PROBLEM: In the records below, the relevant part opens with the line containing "a patio with" and closes with the line containing "Jardin avec piscine"; print that part exactly and only, without its pictures.

PROVIDED RECORDS:
------------------------------

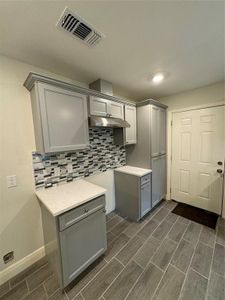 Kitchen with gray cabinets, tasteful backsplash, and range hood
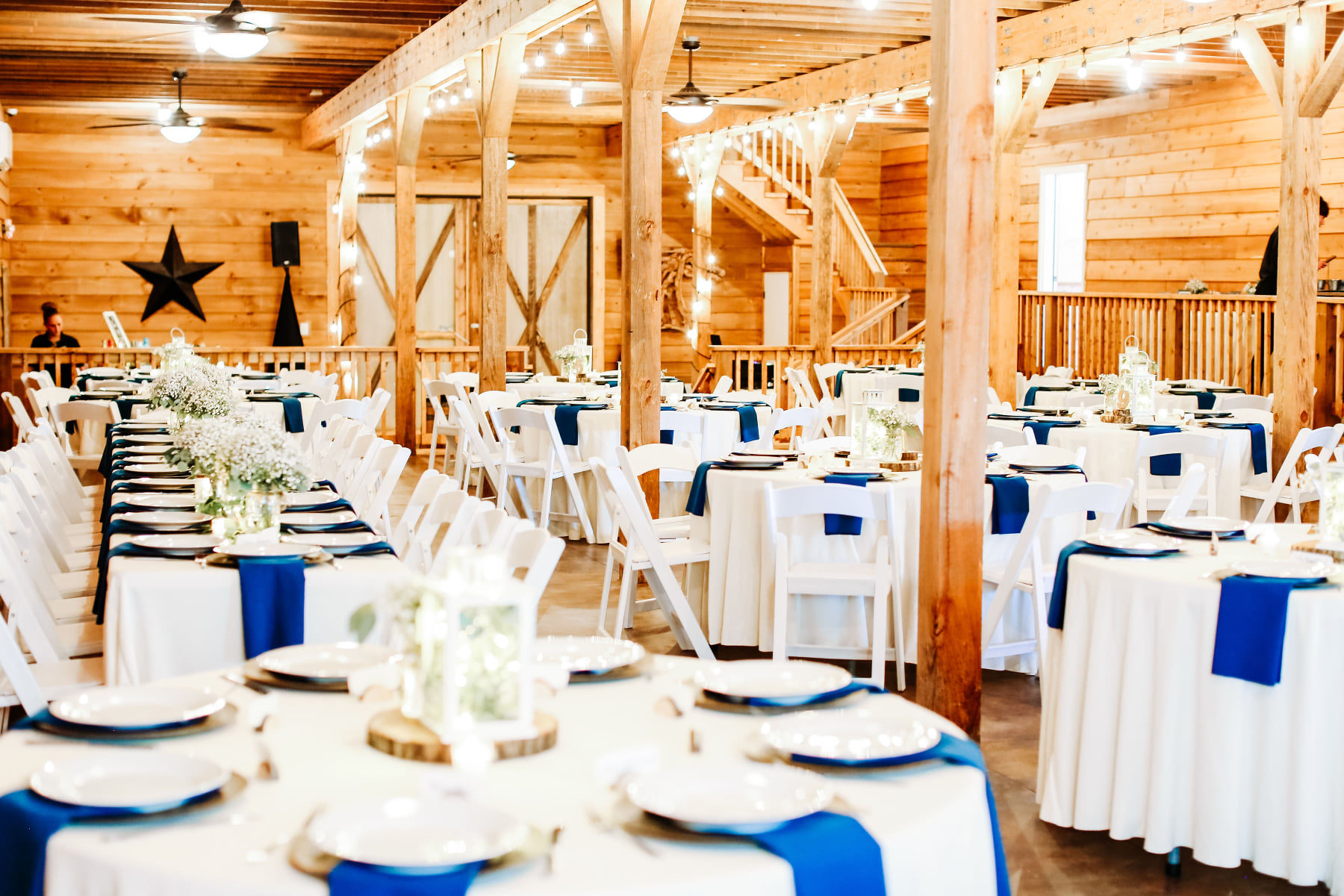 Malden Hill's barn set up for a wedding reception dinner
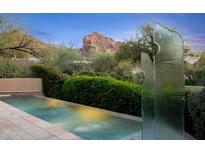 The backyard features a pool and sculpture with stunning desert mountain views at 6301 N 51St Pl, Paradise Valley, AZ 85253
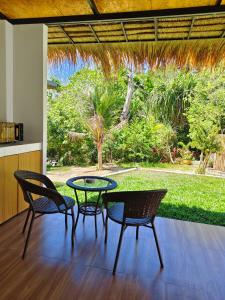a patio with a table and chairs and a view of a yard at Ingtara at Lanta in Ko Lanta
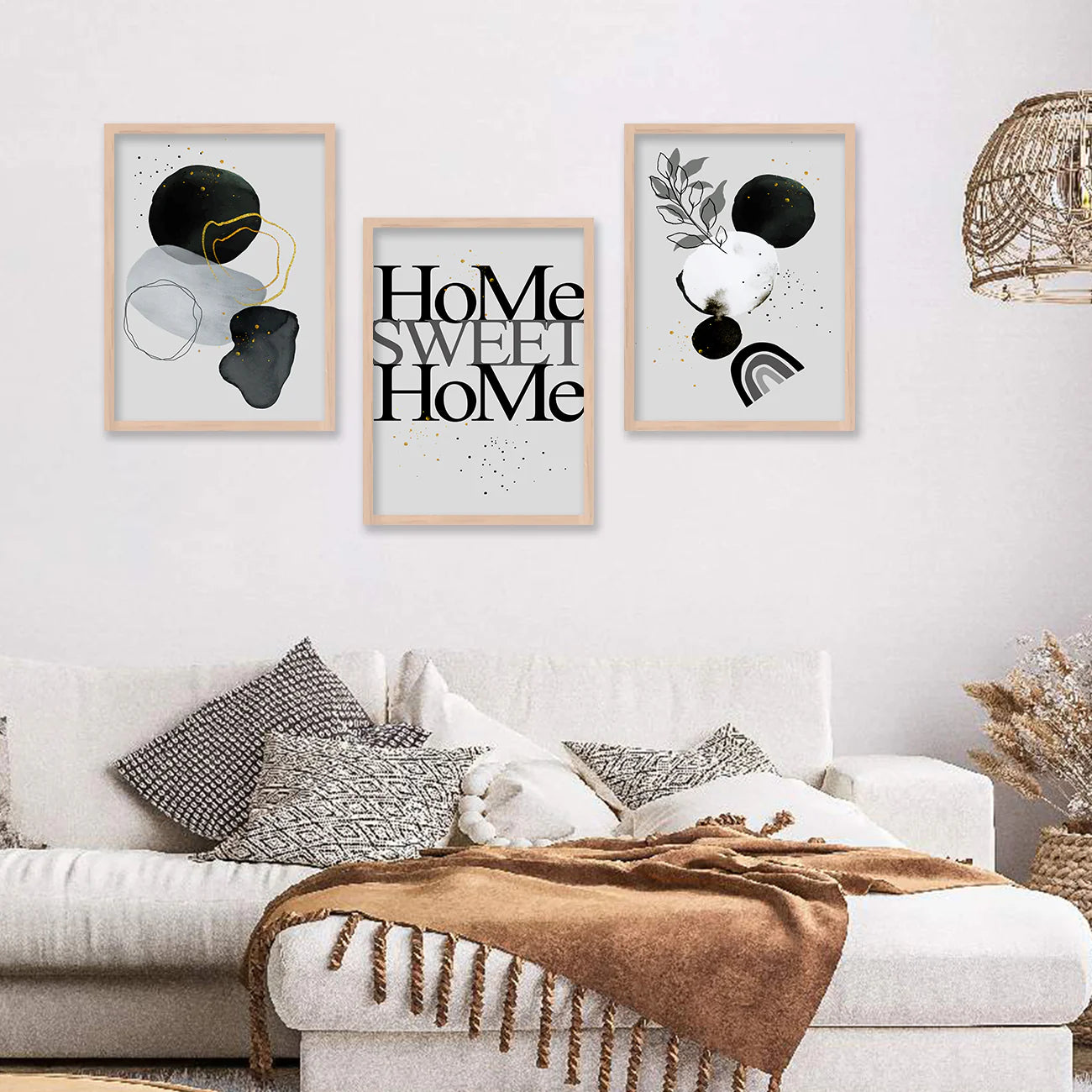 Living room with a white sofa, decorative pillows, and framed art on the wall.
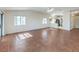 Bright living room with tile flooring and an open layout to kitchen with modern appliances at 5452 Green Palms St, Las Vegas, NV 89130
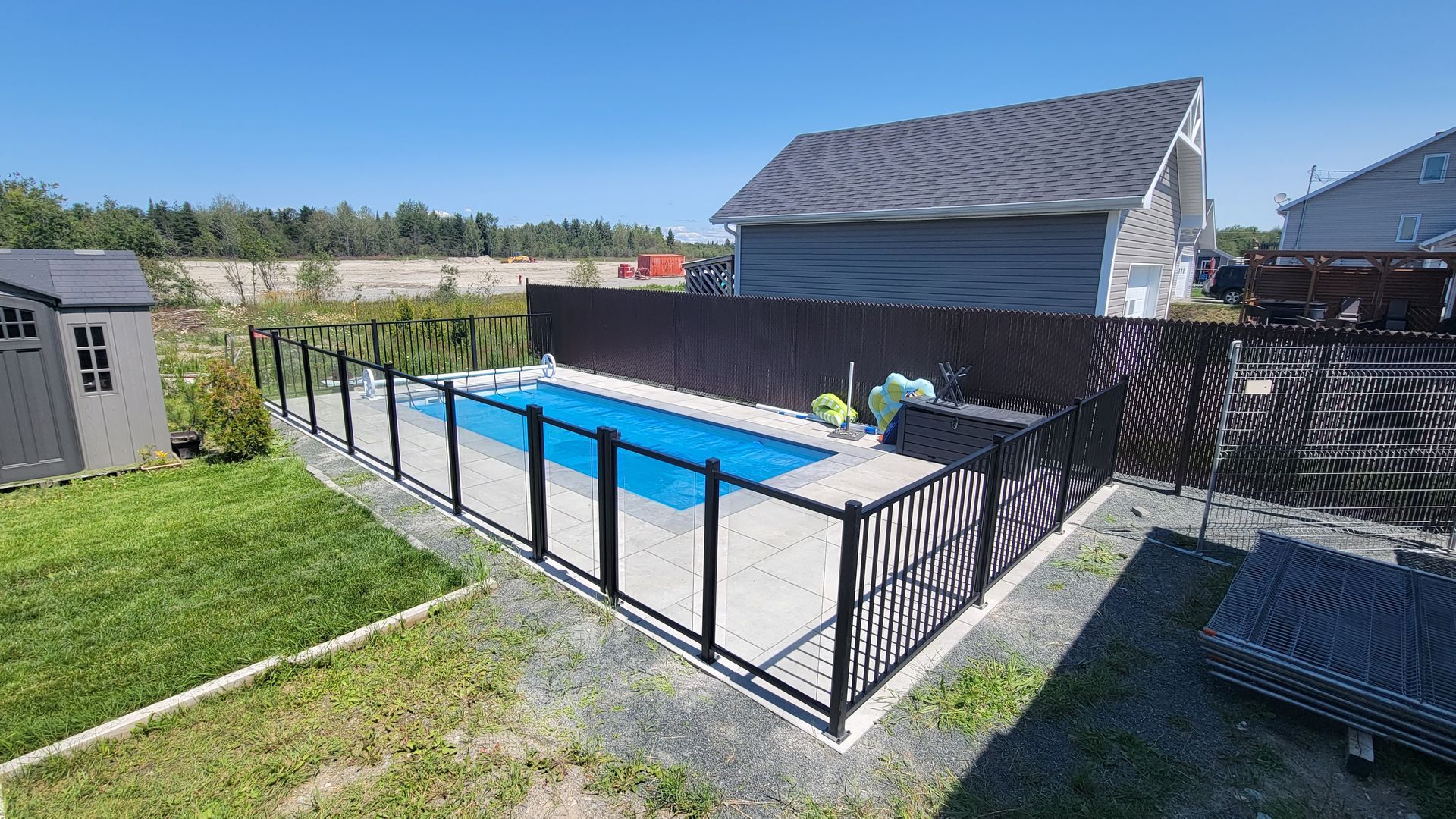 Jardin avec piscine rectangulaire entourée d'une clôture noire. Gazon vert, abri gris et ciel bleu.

------------------------------

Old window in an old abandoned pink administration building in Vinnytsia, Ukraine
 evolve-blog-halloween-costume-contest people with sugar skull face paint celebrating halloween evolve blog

------------------------------

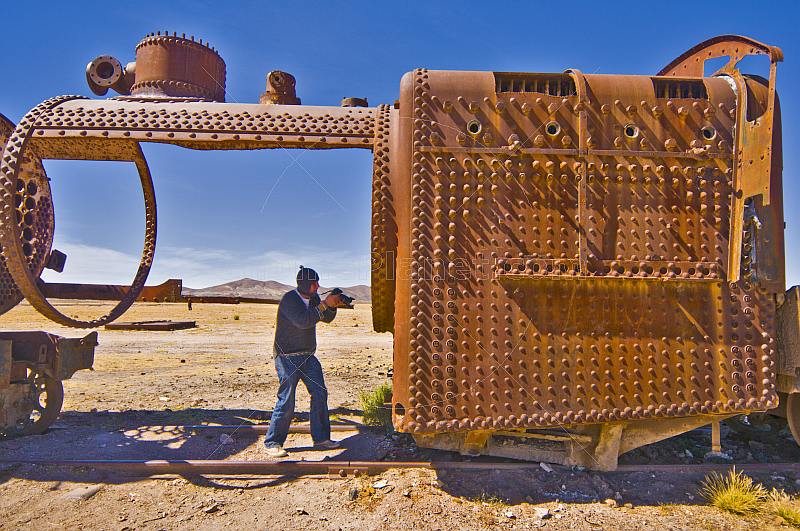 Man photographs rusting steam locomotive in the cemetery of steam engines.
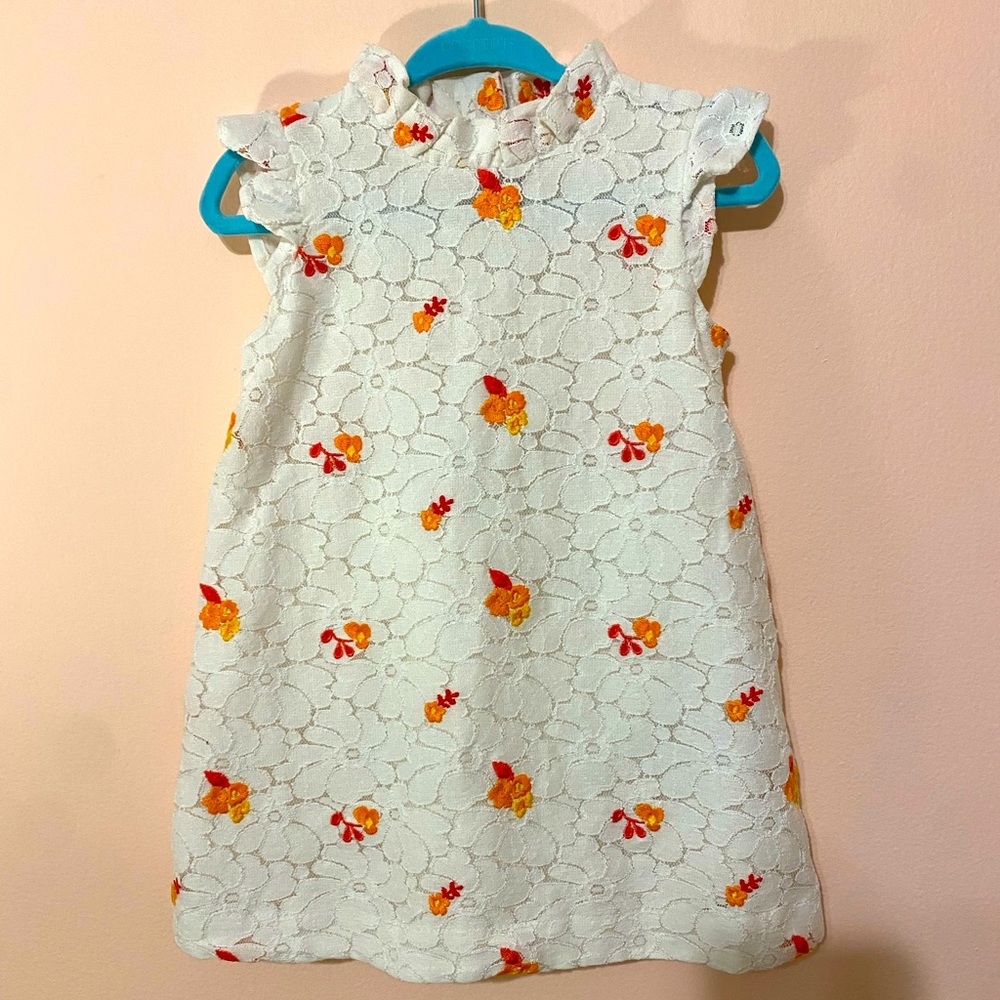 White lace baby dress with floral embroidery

------------------------------

TASK OUTPUT:
a patio with a table and chairs and a view of a yard at Ingtara at Lanta in Ko Lanta
 Living room with a white sofa, decorative pillows, and framed art on the wall.
 Bright living room with tile flooring and an open layout to kitchen with modern appliances at 5452 Green Palms St, Las Vegas, NV 89130
 Jardin avec piscine rectangulaire entourée d'une clôture noire. Gazon vert, abri gris et ciel bleu.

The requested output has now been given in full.